My next question, was, for query ID 216, show the number of total executions reporting that is 28 executions. The response showed 28 executions, but this number didn’t match the number of aborted and non-aborted executions observed in the application logs, why this difference?
Checking the table sys.query_store_runtime_stats I found 10 rows all having execution_type = 3, and total executions 28. So, that’s mean that Query Store aggregates query execution data over a fixed interval. So, the execution_type is an indicator that at least an execution during this runtime interval was aborted. So, at least several of them were aborted and other not.

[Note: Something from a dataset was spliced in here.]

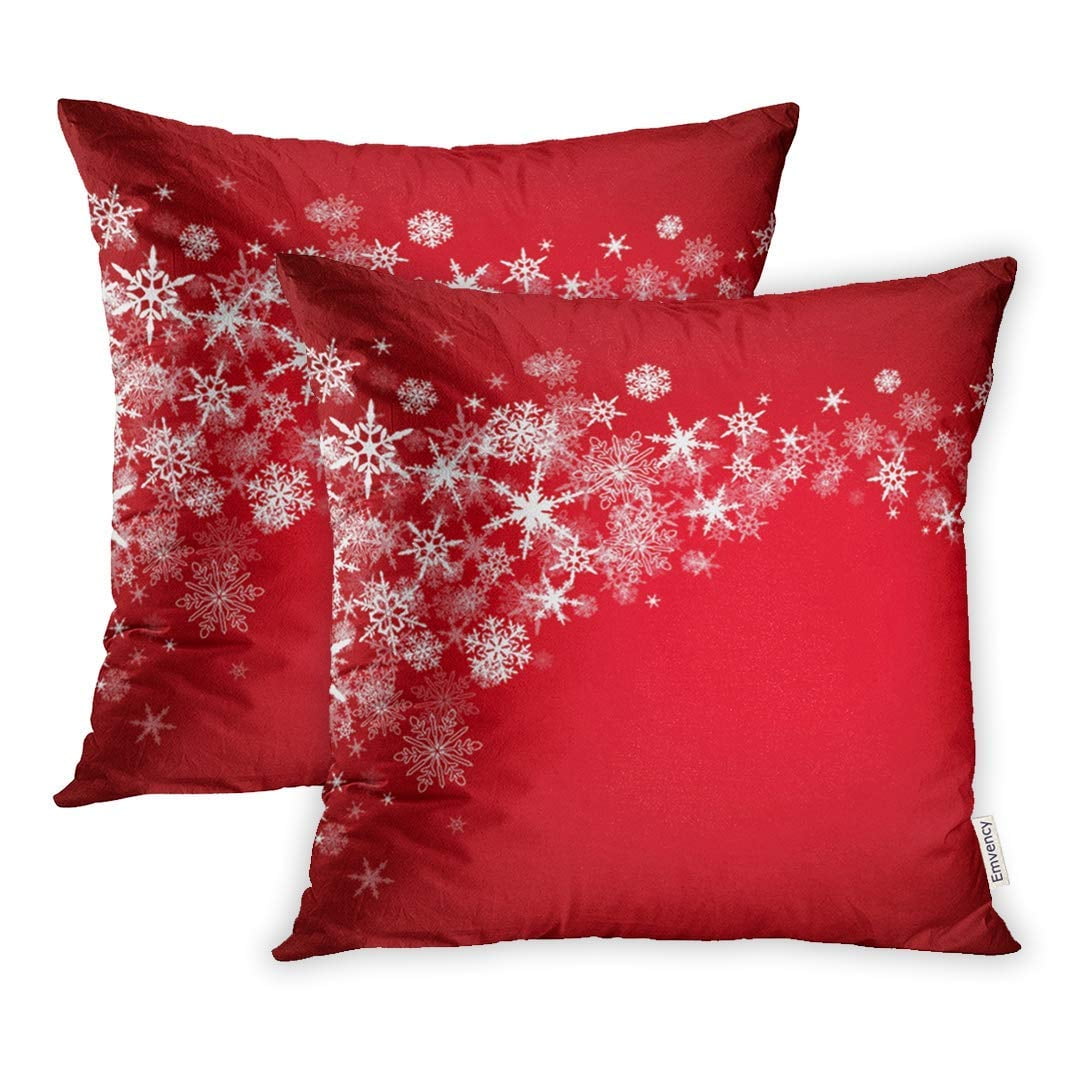 ARHOME Falling Christmas Snowflakes on Burgundy Snowy Snow Pillow Case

To obtain a more granular and accurate picture, I created an Extended Events session to capture these events using ring_buffer target.
CREATE EVENT SESSION [CommandAborted]
ON DATABASE
ADD EVENT sqlserver.attention(
ACTION (
sqlserver.client_app_name,
sqlserver.client_hostname,
sqlserver.username,
sqlserver.database_name,
sqlserver.sql_text
)
)
ADD TARGET package0.ring_buffer
WITH (MAX_MEMORY = 4096KB, EVENT_RETENTION_MODE = ALLOW_SINGLE_EVENT_LOSS);
GO
ALTER EVENT SESSION [CommandAborted] ON DATABASE STATE = START;
after reproducing the command timeout scenario again, I was able to see only the aborted executions. So, in this case, 28 executions were executed and 7 executions were aborted.
WITH RingBufferXML AS (
SELECT
CAST(t.target_data AS XML) AS target_data
FROM sys.dm_xe_database_session_targets t
JOIN sys.dm_xe_database_sessions s
ON t.event_session_address = s.address
WHERE t.target_name = ‘ring_buffer’
AND s.name = ‘CommandAborted’
)
SELECT
x.value(‘@name’, ‘varchar(50)’) AS event_name,
x.value(‘@timestamp’, ‘datetime2’) AS event_time,
x.value(‘(action[@name=”client_app_name”]/value)[1]’, ‘nvarchar(256)’) AS client_app_name,
x.value(‘(action[@name=”sql_text”]/value)[1]’, ‘nvarchar(max)’) AS sql_text,
x.value(‘(data[@name=”duration”]/value)[1]’, ‘bigint’) AS duration_microseconds,
CAST(x.value(‘(data[@name=”duration”]/value)[1]’, ‘bigint’) / 1000000.0 AS decimal(10,3)) AS duration_seconds
FROM RingBufferXML
CROSS APPLY target_data.nodes(‘//event’) AS tab(x)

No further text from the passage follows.